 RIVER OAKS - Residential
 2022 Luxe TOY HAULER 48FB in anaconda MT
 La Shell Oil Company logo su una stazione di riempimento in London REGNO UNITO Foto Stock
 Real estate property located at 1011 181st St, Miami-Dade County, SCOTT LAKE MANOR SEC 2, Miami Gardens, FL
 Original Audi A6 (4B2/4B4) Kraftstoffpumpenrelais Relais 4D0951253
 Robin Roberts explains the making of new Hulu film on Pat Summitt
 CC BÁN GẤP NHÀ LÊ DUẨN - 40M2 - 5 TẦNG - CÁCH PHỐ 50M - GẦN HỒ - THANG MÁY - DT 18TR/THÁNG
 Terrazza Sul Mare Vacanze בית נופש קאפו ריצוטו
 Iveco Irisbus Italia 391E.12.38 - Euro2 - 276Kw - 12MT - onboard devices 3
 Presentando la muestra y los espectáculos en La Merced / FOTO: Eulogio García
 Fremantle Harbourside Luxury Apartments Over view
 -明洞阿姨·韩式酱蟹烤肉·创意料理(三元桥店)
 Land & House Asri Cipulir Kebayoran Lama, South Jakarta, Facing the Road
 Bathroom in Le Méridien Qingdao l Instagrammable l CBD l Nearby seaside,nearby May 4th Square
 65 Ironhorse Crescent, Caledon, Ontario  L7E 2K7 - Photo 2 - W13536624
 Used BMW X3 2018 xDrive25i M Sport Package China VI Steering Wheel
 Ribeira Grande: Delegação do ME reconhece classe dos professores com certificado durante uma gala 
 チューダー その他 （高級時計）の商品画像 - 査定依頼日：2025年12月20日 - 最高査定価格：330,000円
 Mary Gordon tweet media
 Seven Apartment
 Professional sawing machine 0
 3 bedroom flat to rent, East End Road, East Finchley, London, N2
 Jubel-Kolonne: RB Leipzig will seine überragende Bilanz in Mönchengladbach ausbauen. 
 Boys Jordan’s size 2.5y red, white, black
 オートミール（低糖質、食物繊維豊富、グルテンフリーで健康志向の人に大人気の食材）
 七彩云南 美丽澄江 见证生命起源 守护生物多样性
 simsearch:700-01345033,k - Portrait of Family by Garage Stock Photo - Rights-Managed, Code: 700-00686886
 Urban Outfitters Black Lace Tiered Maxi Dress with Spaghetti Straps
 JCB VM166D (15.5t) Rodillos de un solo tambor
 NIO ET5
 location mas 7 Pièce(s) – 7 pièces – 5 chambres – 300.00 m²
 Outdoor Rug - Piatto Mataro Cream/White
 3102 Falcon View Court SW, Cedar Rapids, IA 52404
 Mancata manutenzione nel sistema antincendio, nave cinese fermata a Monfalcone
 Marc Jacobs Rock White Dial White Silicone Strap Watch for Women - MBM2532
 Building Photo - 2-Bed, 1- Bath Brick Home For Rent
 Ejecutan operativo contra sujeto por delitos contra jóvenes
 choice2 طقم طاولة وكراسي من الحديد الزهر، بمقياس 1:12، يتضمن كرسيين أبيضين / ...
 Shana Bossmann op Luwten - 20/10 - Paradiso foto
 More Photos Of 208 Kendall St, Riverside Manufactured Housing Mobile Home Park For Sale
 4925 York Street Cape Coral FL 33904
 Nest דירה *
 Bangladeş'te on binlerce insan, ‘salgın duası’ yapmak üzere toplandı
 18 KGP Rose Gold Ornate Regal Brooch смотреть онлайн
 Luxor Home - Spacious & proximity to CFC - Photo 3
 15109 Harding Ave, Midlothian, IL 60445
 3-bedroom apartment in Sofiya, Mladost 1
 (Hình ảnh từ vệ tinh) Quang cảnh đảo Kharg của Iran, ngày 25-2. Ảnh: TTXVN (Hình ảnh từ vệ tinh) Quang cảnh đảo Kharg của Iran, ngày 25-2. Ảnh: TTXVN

### WORK TO COMPLETE
What's needed is every entry, returned word for word.

### OUTPUT FOR THIS EXERCISE
 RIVER OAKS - Residential
 2022 Luxe TOY HAULER 48FB in anaconda MT
 La Shell Oil Company logo su una stazione di riempimento in London REGNO UNITO Foto Stock
 Real estate property located at 1011 181st St, Miami-Dade County, SCOTT LAKE MANOR SEC 2, Miami Gardens, FL
 Original Audi A6 (4B2/4B4) Kraftstoffpumpenrelais Relais 4D0951253
 Robin Roberts explains the making of new Hulu film on Pat Summitt
 CC BÁN GẤP NHÀ LÊ DUẨN - 40M2 - 5 TẦNG - CÁCH PHỐ 50M - GẦN HỒ - THANG MÁY - DT 18TR/THÁNG
 Terrazza Sul Mare Vacanze בית נופש קאפו ריצוטו
 Iveco Irisbus Italia 391E.12.38 - Euro2 - 276Kw - 12MT - onboard devices 3
 Presentando la muestra y los espectáculos en La Merced / FOTO: Eulogio García
 Fremantle Harbourside Luxury Apartments Over view
 -明洞阿姨·韩式酱蟹烤肉·创意料理(三元桥店)
 Land & House Asri Cipulir Kebayoran Lama, South Jakarta, Facing the Road
 Bathroom in Le Méridien Qingdao l Instagrammable l CBD l Nearby seaside,nearby May 4th Square
 65 Ironhorse Crescent, Caledon, Ontario  L7E 2K7 - Photo 2 - W13536624
 Used BMW X3 2018 xDrive25i M Sport Package China VI Steering Wheel
 Ribeira Grande: Delegação do ME reconhece classe dos professores com certificado durante uma gala 
 チューダー その他 （高級時計）の商品画像 - 査定依頼日：2025年12月20日 - 最高査定価格：330,000円
 Mary Gordon tweet media
 Seven Apartment
 Professional sawing machine 0
 3 bedroom flat to rent, East End Road, East Finchley, London, N2
 Jubel-Kolonne: RB Leipzig will seine überragende Bilanz in Mönchengladbach ausbauen. 
 Boys Jordan’s size 2.5y red, white, black
 オートミール（低糖質、食物繊維豊富、グルテンフリーで健康志向の人に大人気の食材）
 七彩云南 美丽澄江 见证生命起源 守护生物多样性
 simsearch:700-01345033,k - Portrait of Family by Garage Stock Photo - Rights-Managed, Code: 700-00686886
 Urban Outfitters Black Lace Tiered Maxi Dress with Spaghetti Straps
 JCB VM166D (15.5t) Rodillos de un solo tambor
 NIO ET5
 location mas 7 Pièce(s) – 7 pièces – 5 chambres – 300.00 m²
 Outdoor Rug - Piatto Mataro Cream/White
 3102 Falcon View Court SW, Cedar Rapids, IA 52404
 Mancata manutenzione nel sistema antincendio, nave cinese fermata a Monfalcone
 Marc Jacobs Rock White Dial White Silicone Strap Watch for Women - MBM2532
 Building Photo - 2-Bed, 1- Bath Brick Home For Rent
 Ejecutan operativo contra sujeto por delitos contra jóvenes
 choice2 طقم طاولة وكراسي من الحديد الزهر، بمقياس 1:12، يتضمن كرسيين أبيضين / ...
 Shana Bossmann op Luwten - 20/10 - Paradiso foto
 More Photos Of 208 Kendall St, Riverside Manufactured Housing Mobile Home Park For Sale
 4925 York Street Cape Coral FL 33904
 Nest דירה *
 Bangladeş'te on binlerce insan, ‘salgın duası’ yapmak üzere toplandı
 18 KGP Rose Gold Ornate Regal Brooch смотреть онлайн
 Luxor Home - Spacious & proximity to CFC - Photo 3
 15109 Harding Ave, Midlothian, IL 60445
 3-bedroom apartment in Sofiya, Mladost 1
 (Hình ảnh từ vệ tinh) Quang cảnh đảo Kharg của Iran, ngày 25-2. Ảnh: TTXVN (Hình ảnh từ vệ tinh) Quang cảnh đảo Kharg của Iran, ngày 25-2. Ảnh: TTXVN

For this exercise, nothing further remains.